- [SOURCE DATA]:
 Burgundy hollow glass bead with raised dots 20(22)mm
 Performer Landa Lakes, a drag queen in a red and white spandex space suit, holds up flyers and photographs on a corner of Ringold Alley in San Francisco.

--

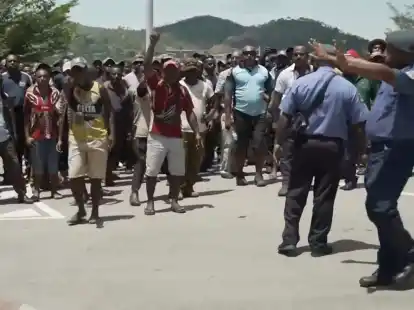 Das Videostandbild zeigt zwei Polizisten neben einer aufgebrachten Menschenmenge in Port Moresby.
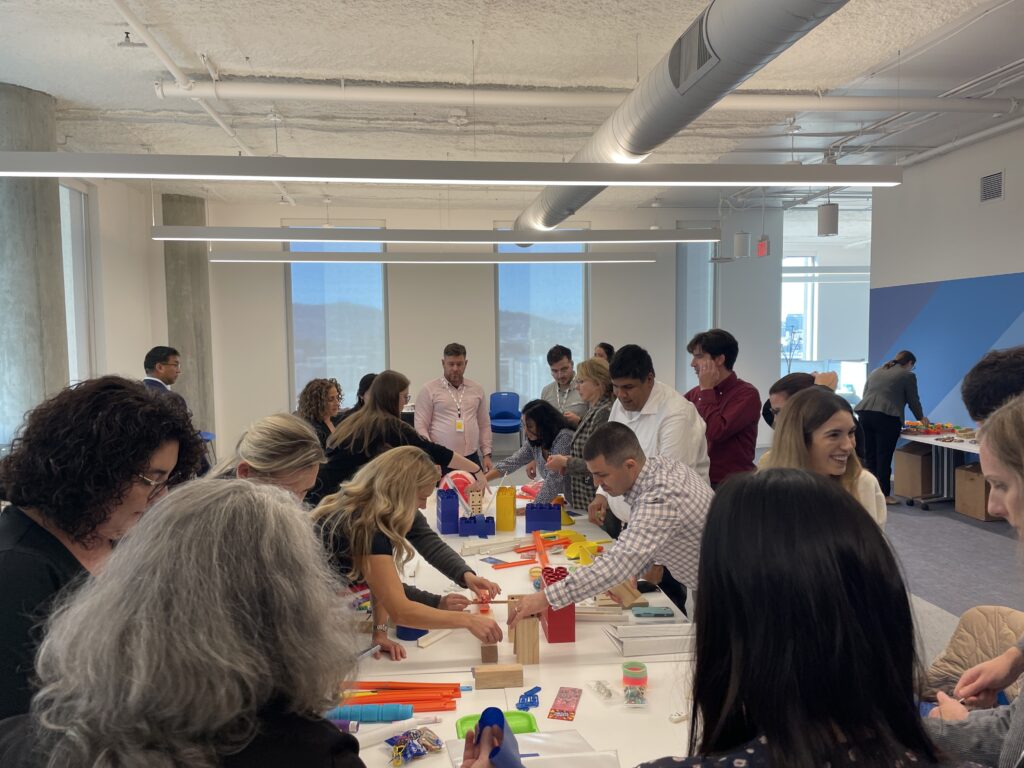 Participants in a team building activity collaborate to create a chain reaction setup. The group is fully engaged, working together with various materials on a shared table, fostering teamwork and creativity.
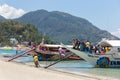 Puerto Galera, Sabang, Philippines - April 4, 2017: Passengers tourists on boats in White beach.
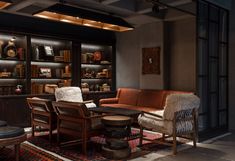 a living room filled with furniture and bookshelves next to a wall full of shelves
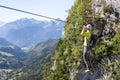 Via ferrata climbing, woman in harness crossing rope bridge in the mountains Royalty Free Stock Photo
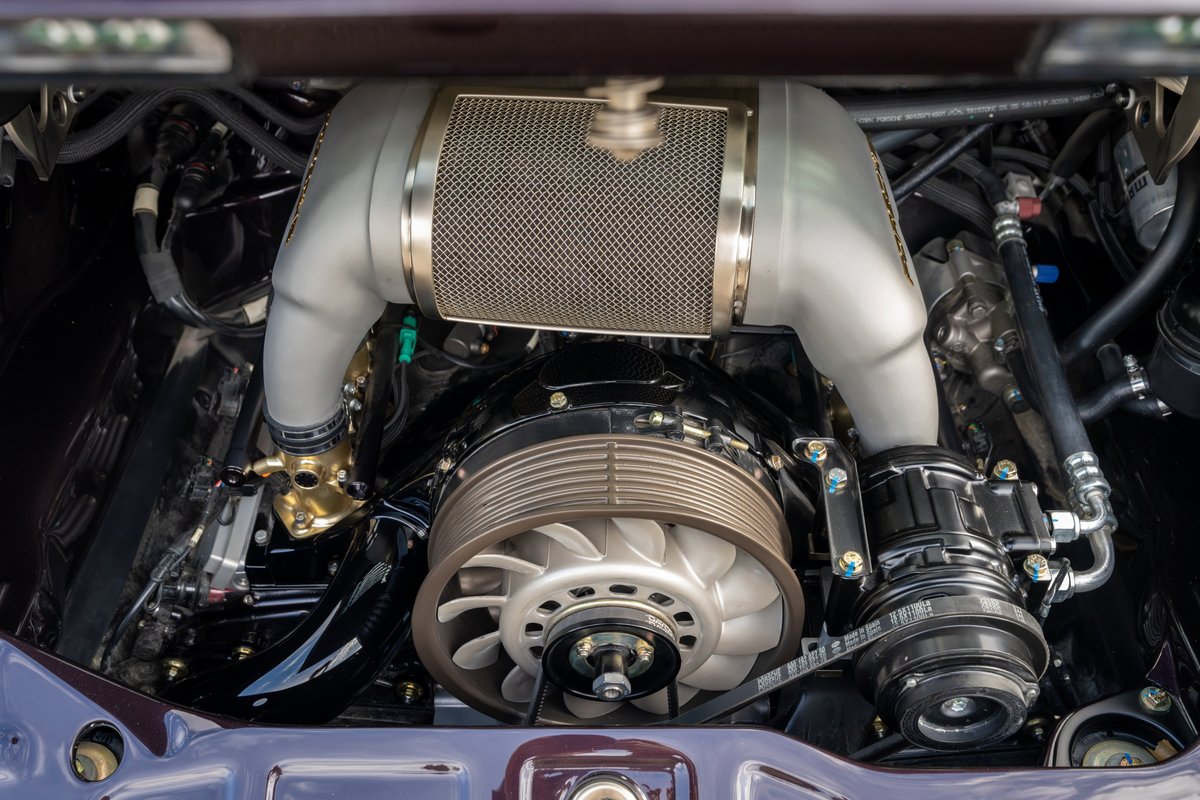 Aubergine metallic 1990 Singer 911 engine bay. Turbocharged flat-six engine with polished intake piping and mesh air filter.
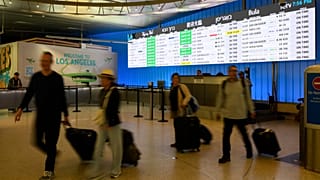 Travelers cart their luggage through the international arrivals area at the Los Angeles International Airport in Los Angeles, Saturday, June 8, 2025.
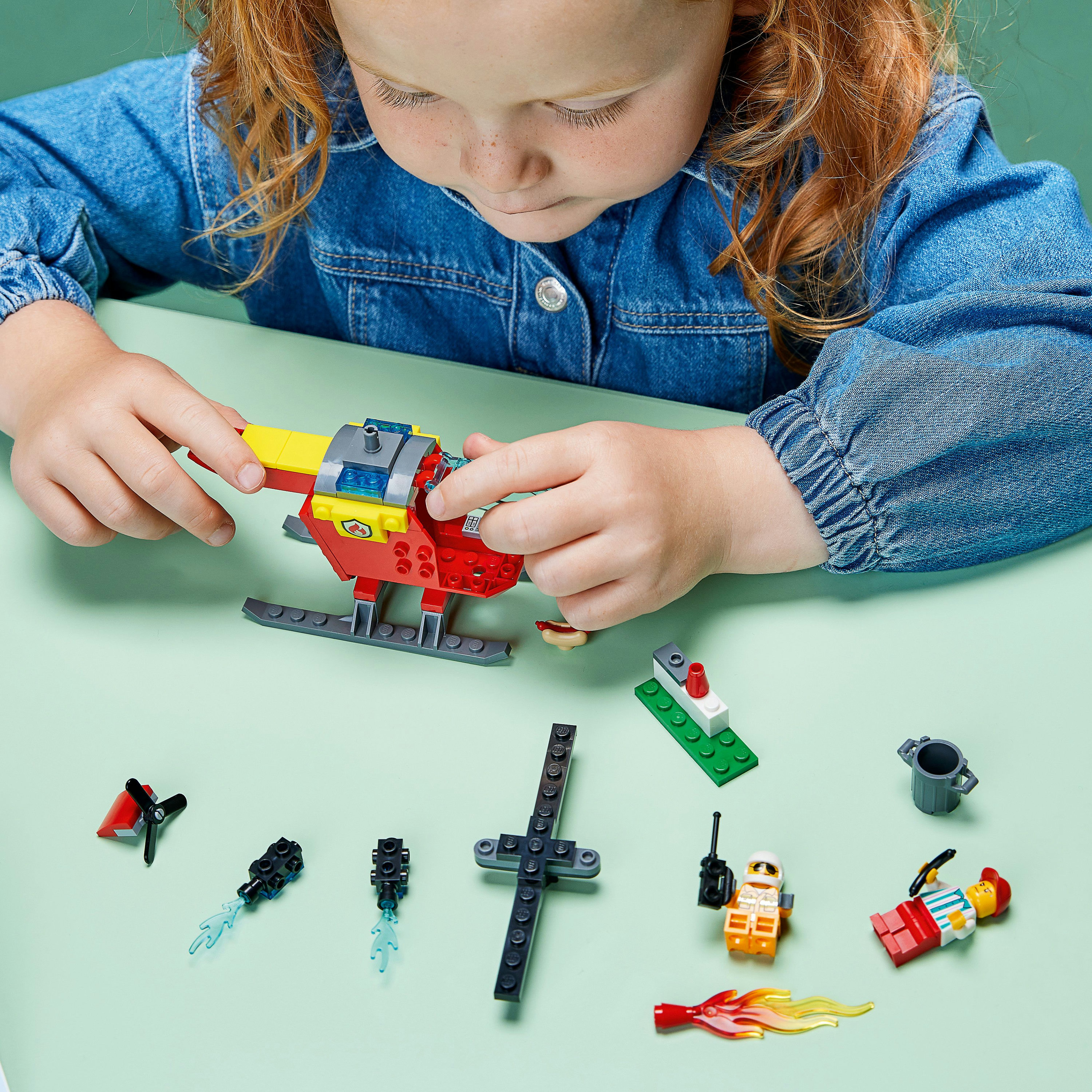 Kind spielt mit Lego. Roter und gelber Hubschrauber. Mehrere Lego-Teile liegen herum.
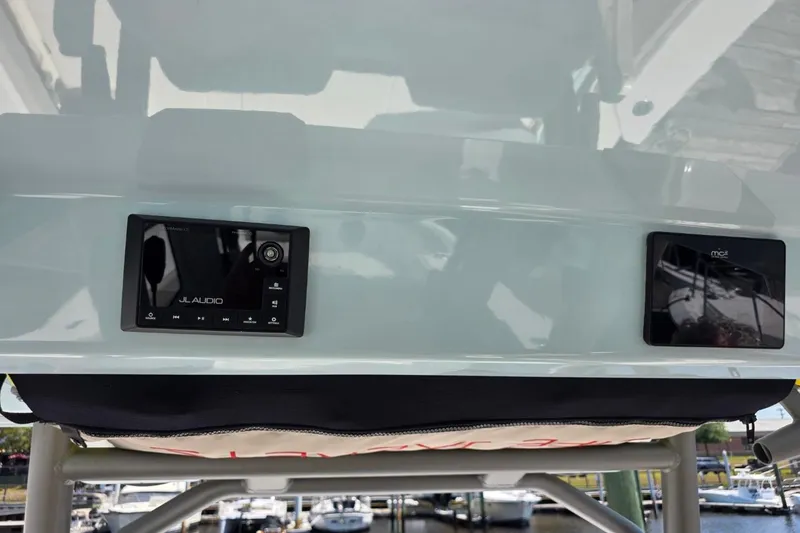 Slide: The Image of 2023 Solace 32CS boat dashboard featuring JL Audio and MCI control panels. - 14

- [TASK REQUIREMENTS]: Return, unchanged, the run of lines above that opens with the line containing "Burgundy hollow glass" and closes with the line containing "Performer Landa Lakes, a". Include both.

- [EXERCISE RESPONSE]:
 Burgundy hollow glass bead with raised dots 20(22)mm
 Performer Landa Lakes, a drag queen in a red and white spandex space suit, holds up flyers and photographs on a corner of Ringold Alley in San Francisco.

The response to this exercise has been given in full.